In [1], the authors generalize the conditions of the well-known Harris theorem for the convergence of Markov Chains in the Total Variation norm (TV) to obtain geometric ergodicity in Wasserstein distance. [2] takes inspiration of [1] and [3] to establish sub-geometric ergodicity in Wasserstein metric, but does not succeed to get rates as good as in [2] for the TV. We will present improvement of these rates which are between the ones in [2] and [3]. This result is establishes by a more probabilistic reasoning than in [1] and [2], who use more analytic techniques. We apply it to the non-linear autoregressive model in and the function space MCMC algorithm : the pre-conditionned Crank-Nicolson algorithm. In particular, for the latter, we show that an simple Hölder condition on the log-density implies the sub-geometric ergodicity of the Markov chain produced by the algorithm in a Wasserstein distance, generalizing some conditions in [4] to have geometric one.

*Joint work with G. Fort and E. Moulines*

**References :**

[1] M. Hairer, J.C. Mattingly, and M. Scheutzow. Asymptotic coupling and a

general form of Harris’ theorem with applications to stochastic delay equa-

tions. *Probability Theory and Related Fields*, 149(1-2):223–259, 2011.

[2] Oleg Butkovsky. Subgeometric rates of convergence of Markov processes in

the wasserstein metric. *Annals of Applied Probability*, 2012.

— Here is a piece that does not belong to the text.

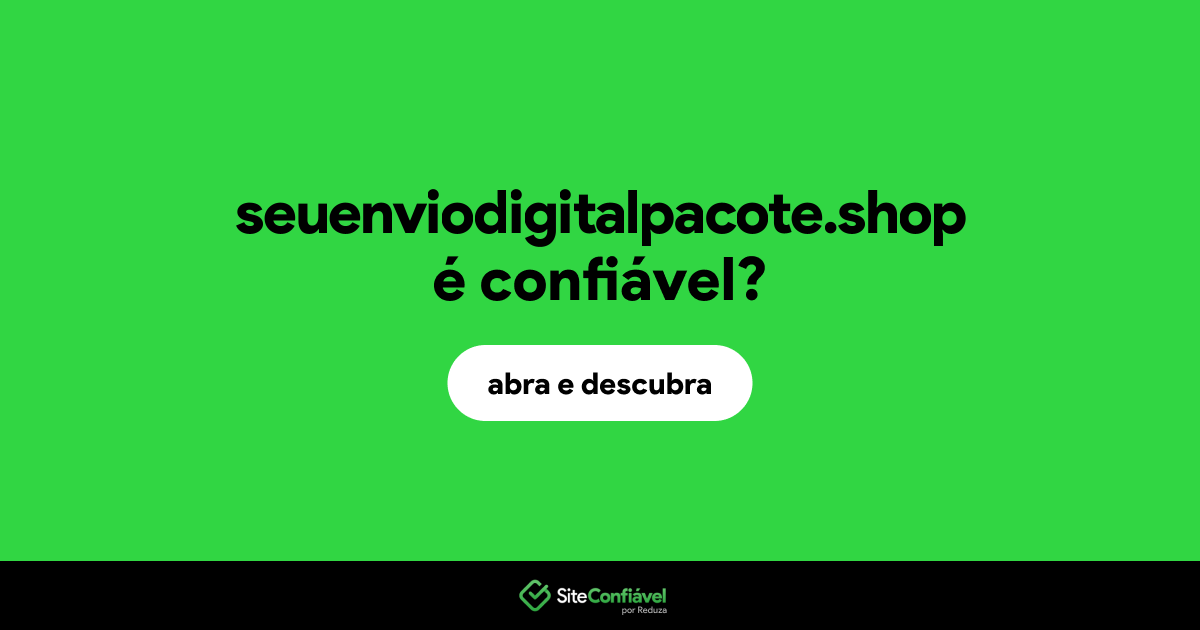 O site seuenviodigitalpacote.shop é confiável?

[3] Randal Douc, Gersende Fort, Eric ́Moulines, and Philippe Soulier. Practical

drift conditions for subgeometric rates of convergence. *Ann. Appl. Probab.,*

14(3):1353–1377, 2004.

[4] M. Hairer, A.M. Stuart, and S.J. Vollmer. Spectral gaps for Metropolis-

Hastings algorithms in infinite dimensions.

**Keywords** : sub-geometric ergodicity, Markov Chain, pre-conditionned Crank-Nicolson algorithm.